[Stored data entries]
□ □ □

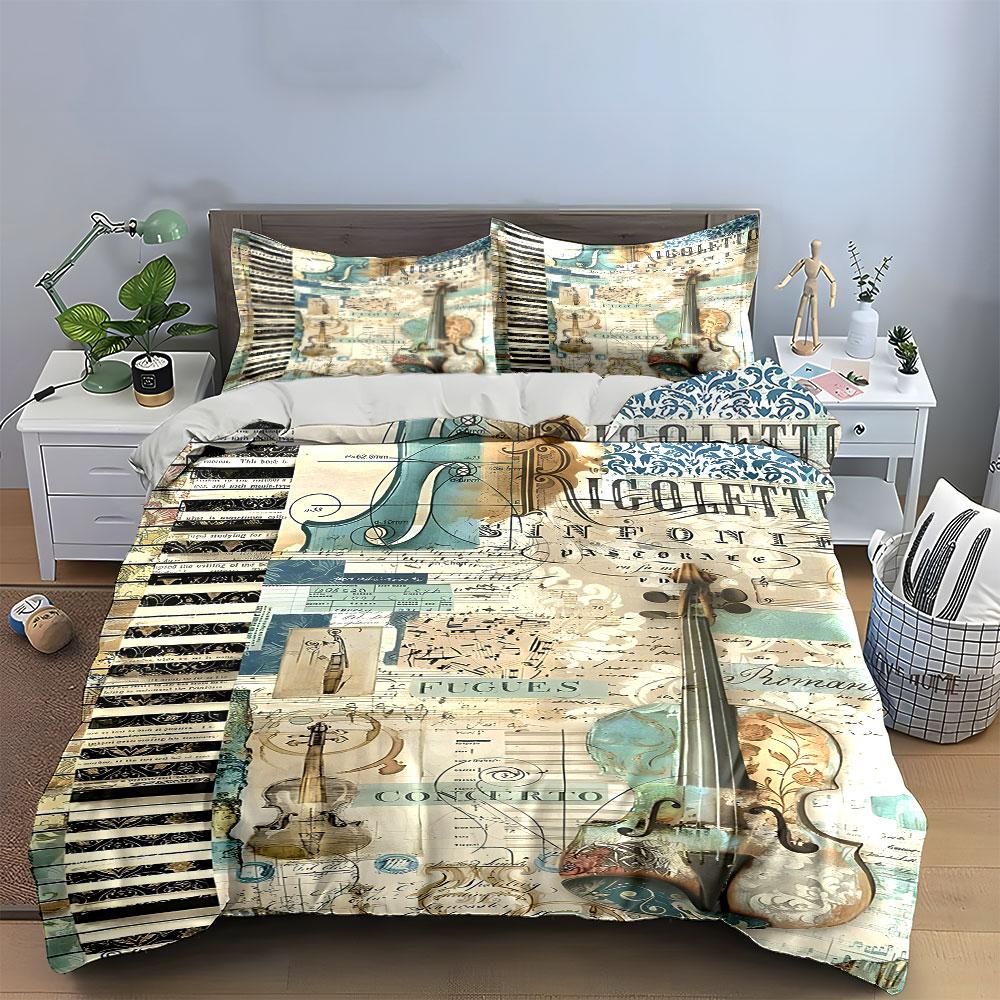 Musical Instruments and Notes. Bedding Sets Duvet Cover Sets Duvet Covers Pillowcases(1* Duvet Cover 2* Pillowcases Without Duvet Insert)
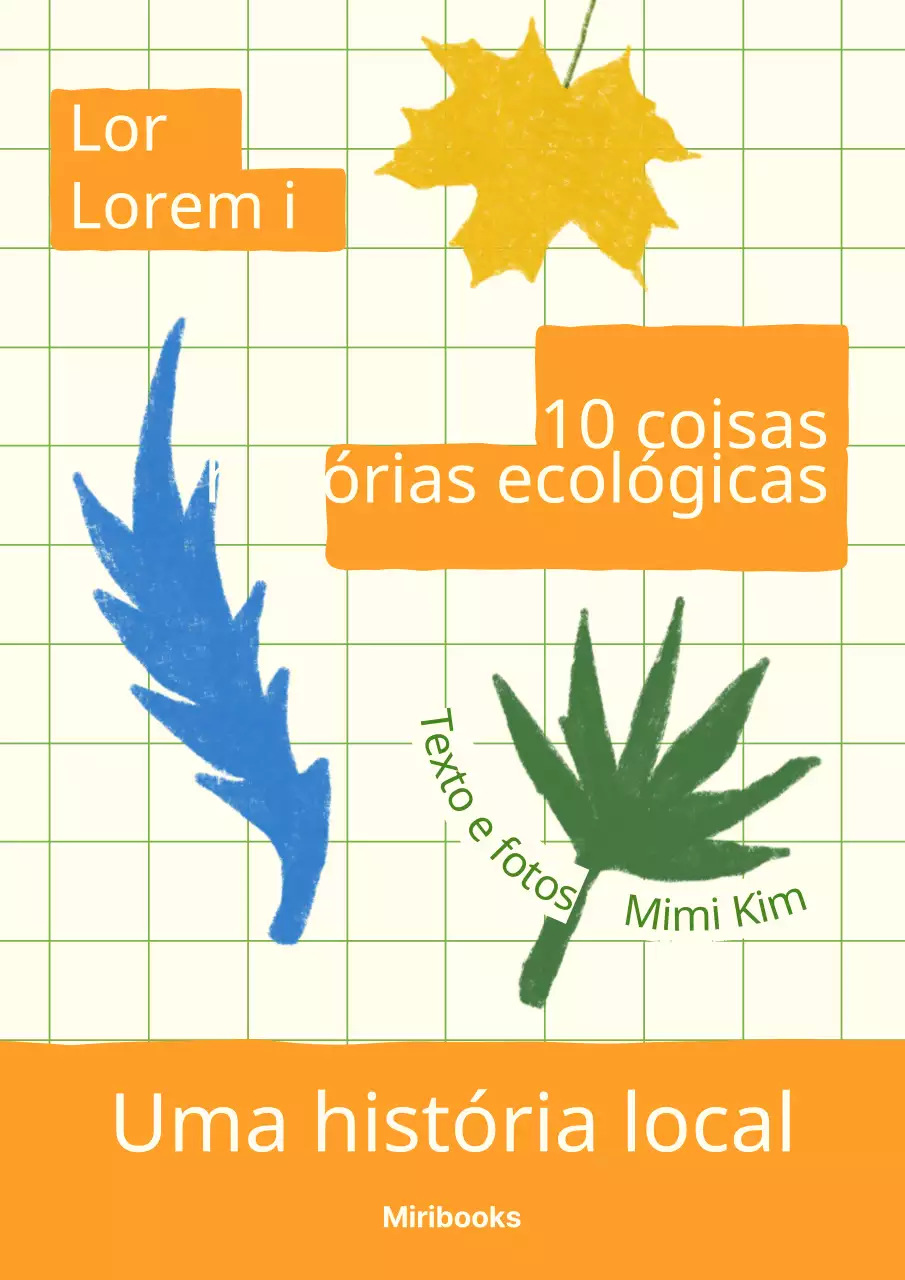 Ensaio de conservação com tema de folha laranja e verde desenhado à mão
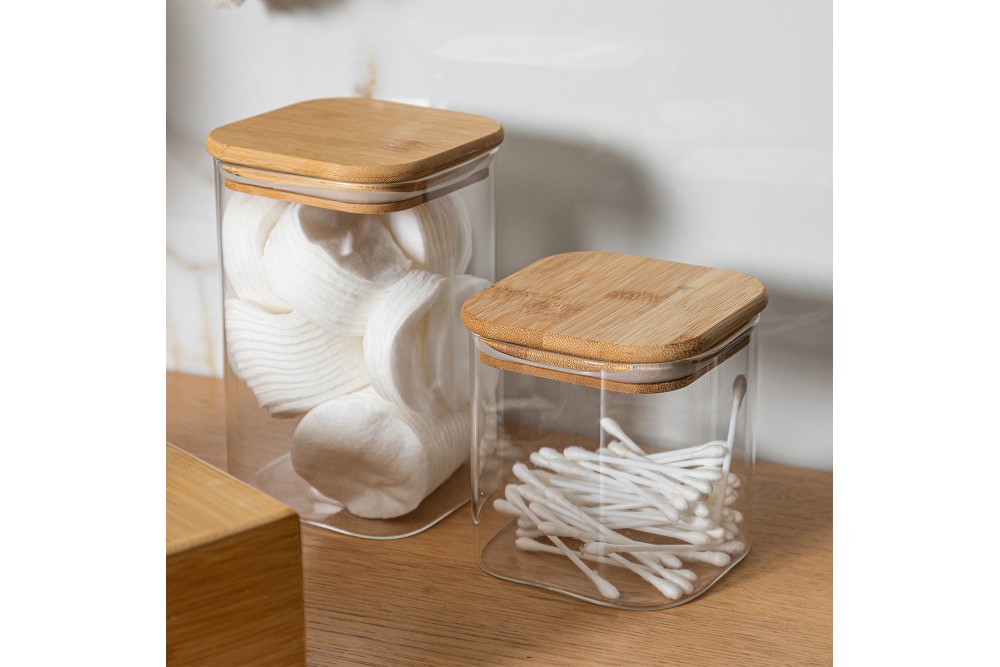 ESTIA ΔΟΧΕΙΟ ΑΠΟΘΗΚΕΥΣΗΣ BAMBOO ESSENTIALS 550ml ΓΥΑΛΙΝΟ ΜΕ ΚΑΠΆΚΙ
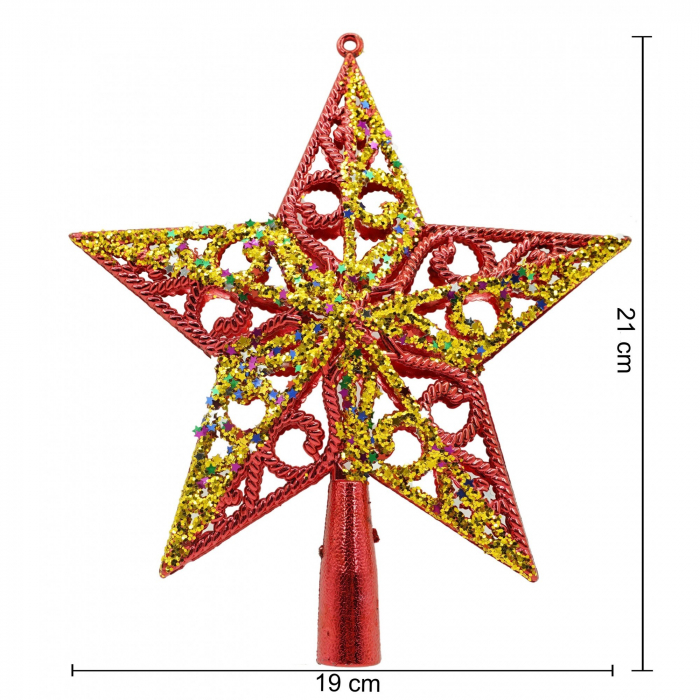 Varf decorativ de brad, Rosu/ Auriu, in forma de Stea, design spiralat, din Plastic, 19 cm x 21 cm, Interior/Exterior, Flippy [3]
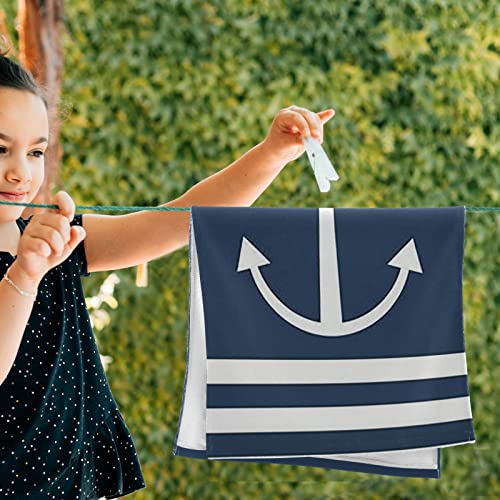 Wamika Nautical Theme Anchor Hand Bath Towel Hanging Towels Set Navy Blue Kitchen Dish Towel Highly Absorbent 2pcs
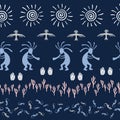Aborigine, design with lizard, Kokopelli fertility deity, sun, eagle, cacti Royalty Free Stock Photo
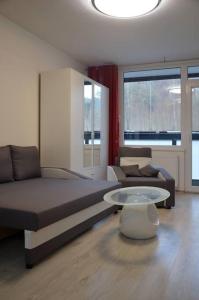 1 dormitorio con cama, sofá y mesa en Útulný apartmán v centru, s krásným výhledem, en Děčín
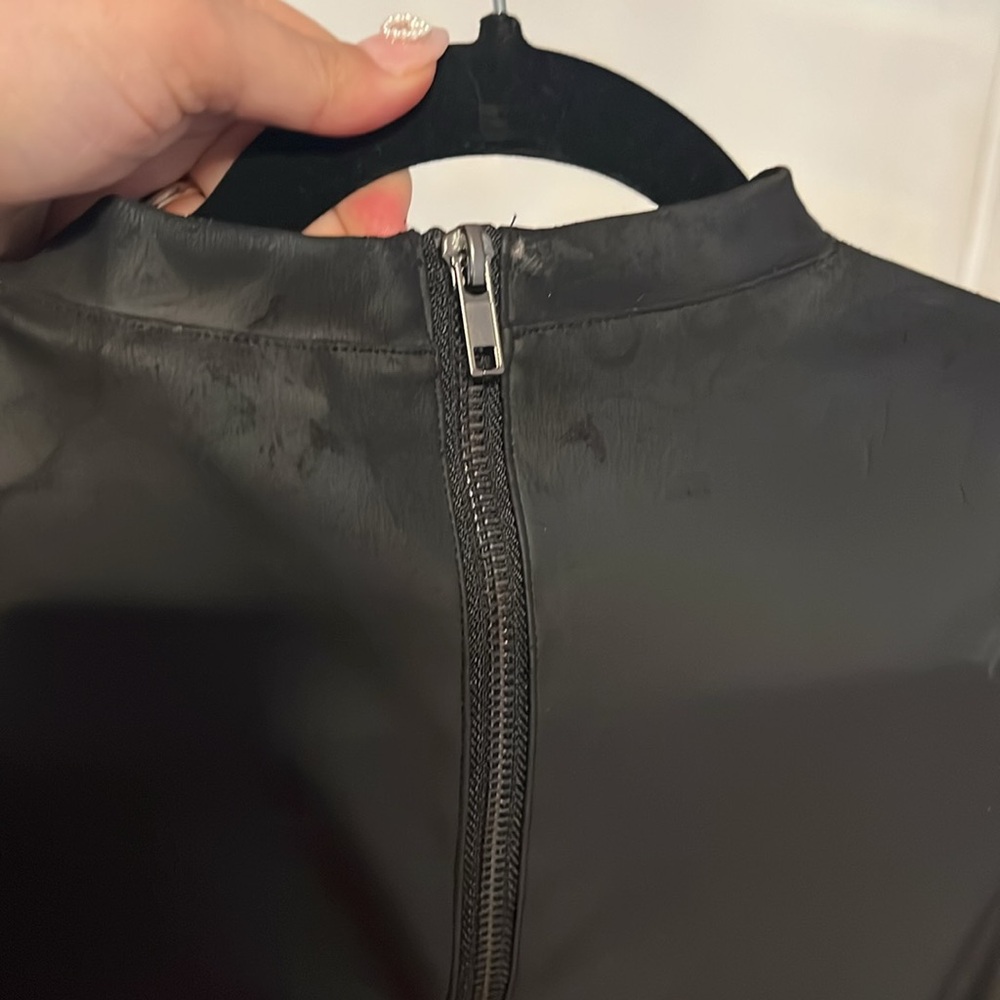 Faux Leather Stretch Mini Dress - Picture 3 of 3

□ □ □

• _What to work on_
Your answer must consist solely of the lines from the one containing "1 dormitorio con" through the last line of the records above, copied exactly, with every picture left out.

• _Result_
 1 dormitorio con cama, sofá y mesa en Útulný apartmán v centru, s krásným výhledem, en Děčín
 Faux Leather Stretch Mini Dress - Picture 3 of 3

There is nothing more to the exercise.